Parliament developed as a mechanism for limiting abuses of power by the monarch, and for involving the peers in the process of government. Even by the fourteenth century, Parliament included the Commons. As the monarch developed ideas of unlimited, divine power, so parliamentarians - not all of them, but some - developed the idea of a free society of free people, equally enfranchised, free from conscription and duress, taxed proportionately and moderately, with legal protections against excessive imprisonment before trial and against self-incrimination.

This radical tradition, which failed within a republican movement that was itself to fail, has been claimed by the left. That's actually reasonable. But it's also a reasonable claim for libertarians to make. At least, it is if those libertarians mistrust power and the people who are attracted to it and so seek term limits, if they hold every person to be equal, if they hold that the state and the law must always be subservient to the liberties of the individual so that, for example, nobody should be held without trial.

It's a radical tradition that we need to claim as libertarians. And it derives, fundamentally, from opposition to the idea of a monarch. After all, if every person is equal there can be no monarch.

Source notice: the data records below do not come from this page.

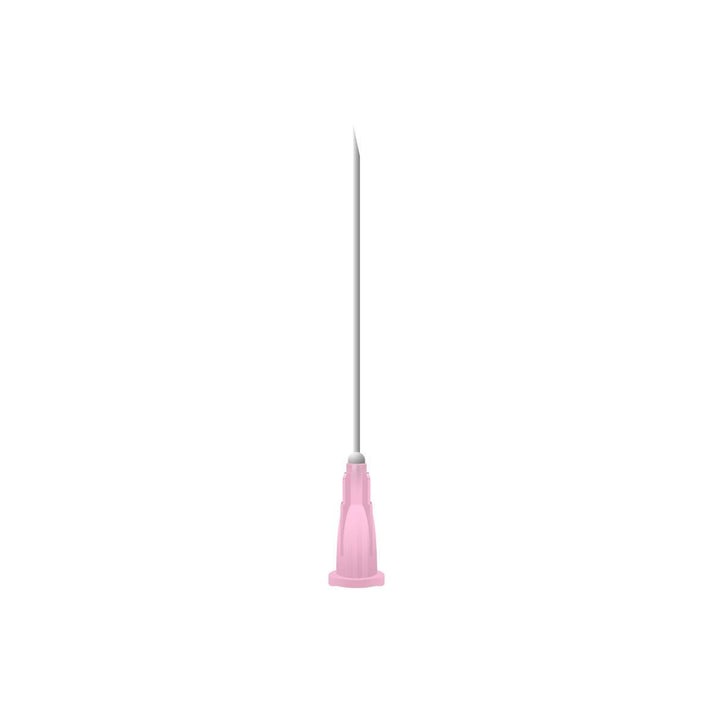 BD Microlance Pink Needles 18g 2" x100 (1.2mm x 50mm) 301900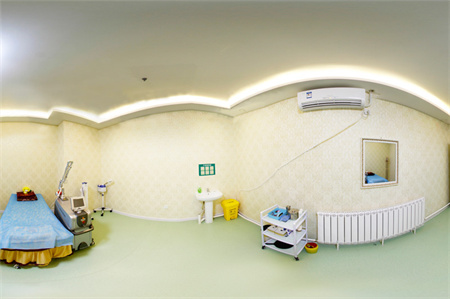 煙臺洛神醫(yī)學美容醫(yī)院_治療室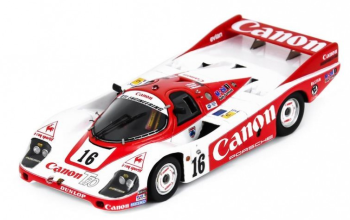SPAS9860 - PORSCHE 956 #16 24H Le Mans 1984 R.METGE-N.MASON-R.LLOYD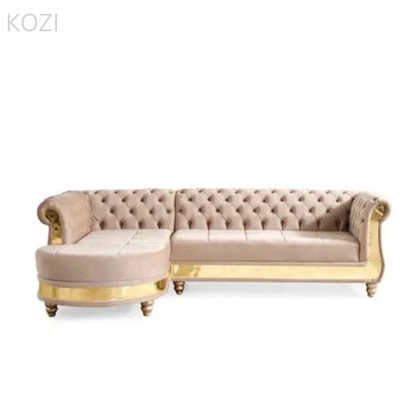 Nadine Scratch Resistant Tufted Chesterfield Sofa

UPDATE: I used the word "equal" casually there. It means, of course, things like equality before the law, equality of voting rights and so forth. There's no suggestion that any other form of equality, not least that of outcome (egalitarianism), was in this manifesto.

4 comments:

dearieme said...

It probably soon after 1340 that you could reasonably start to call the aristocracy and royalty English - up until then they had been French. Any views on that?

dearieme said...

For completeness, as they say. The first Parliament to be so called in Sotland was in 1173.

wildgoose said...

Don't get hung up on the (french) word "Parliament". Prior to this the meeting of the wise men was the "Witangemot" and was being held well before the Norman Invasion of William the Bastard.

I suspect dearieme chose his words wisely (and well) when he used the phrase "to be so called" with respect to the Scottish Parliament. Because the same phrase applies also to this English "Parliament".

Peter Risdon said...

You could argue that after the loss of Normandy in 1204 the aristocracy and royalty of England were, necessarily, English, regardless of their language and self-identity. (I'm writing this in a purely English context, it's too complicated otherwise...).

I'm also talking about Parliament not as a council for the King - that's as old as monarchy itself - but rather as a restraint on the King, something that started explicitly with Magna Carta, as I argued in my first of these posts.